Relation between LST and NDVI, LST and DEM:

There is a significant negative correlation between LST and NDVI (r = -0.237, p < 0.001) and LST and DEM (r = -0.128, p < 0.001). The result showed that the relationships between LST and NDVI (Figure 13), and LST and DEM (Figure 12) are weakly negative and negligible. This suggests that as LST increases, NDVI and DEM tend to decrease. It also means that other factors might have larger influences on LST more than NDVI and DEM. The correlation is statistically significant at a very high level (p < 0.001), indicating the probability of observing the given correlation coefficient if there is no correlation in the sample (i.e., the null hypothesis is true). Here, "Sig. (2-tailed) <0.001" indicates that the correlation coefficient is statistically significant at a level of less than 0.001.

Sample result from the buffer zone of the Jhopra River: A 1000-meter buffer was used along the river to select the area of study. The same sample points were correlated; the result is below (Table 2).
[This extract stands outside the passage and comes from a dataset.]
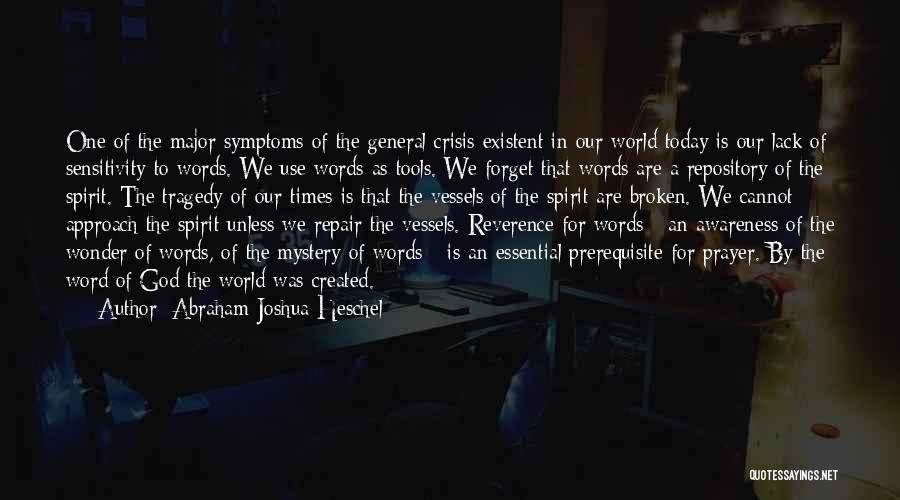 Abraham Joshua Heschel Quotes: One Of The Major Symptoms Of The General Crisis Existent In Our World Today Is Our Lack Of Sensitivity To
There is a significant negative correlation between LST and PW (r = -0.231, p < 0.001). The result showed that the relationship between LST and PW (Figure 14) is weakly negatively correlated and negligible. This suggests that as LST increases, proximity to water tends to decrease. However, it also means that the other factors might have larger influences on LST than PW. The significance level (p) represents the chance of seeing a correlation coefficient if there is no correlation in the population (i.e., the null hypothesis is true). "Sig. (2-tailed) <0.001" means the correlation coefficient is statistically significant at a level less than 0.001.
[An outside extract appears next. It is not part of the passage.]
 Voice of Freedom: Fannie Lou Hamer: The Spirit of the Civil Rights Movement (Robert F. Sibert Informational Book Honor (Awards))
This demonstrated that using the same data but a different sample size has a significant impact on statistical data output.

Interpretation (Table 3):

An R-value of 0.290 indicates a moderately positive correlation between the variables.

An R square value of 0.084, which is quite low, means that 8.4% of the variance in LST can be explained by the independent variables. The independent variable(s) included in the model do not explain the remaining 91.6% of the variation in the dependent variable. Suggesting that the model does not provide a very good fit to the data does not explain much of the variability in the data, and other factors may be influencing the dependent variable. This unexplained variance might be attributed to components not included in the model, random fluctuation or noise in nature, measurement error, or other unknown variables.

An adjusted R square value of 0.083 means that 8.3% of the variance in LST close to R square indicates that adding more predictors hasn't significantly improved the model's fit.

Standard Error of the Estimate 2.28 indicates, on average, that the dataset's actual values differ from the projected values by about 2.28 units. It serves as a measure of the model's predictive accuracy and precision, with the lower values indicating better model fit and higher confidence in the predictions.

Analysis suggests that both NDVI, DEM, and proximity to water have a statistically significant effect on LST, with NDVI and DEM having a negative effect and proximity to water having a positive effect.

However, the model only explains 8.4% of the variance in LST, indicating that other factors such as sample size, the nature of the relationship, and the presence of outliers can influence the interpretation of the correlation coefficient.

Interpretation (Table 4):

Constant: The model's intercept, denoted by B (unstandardized coefficient), is 30.964. It denotes the expected value of the dependent variable when all independent variables are set to zero.

The t-value: is 135.448, a very high t-value, indicating that the intercept is statistically significant.

Sig.: <0.001, the p-value for the constant is less than 0.001, indicating that the intercept is highly significant. This value is almost certainly not zero.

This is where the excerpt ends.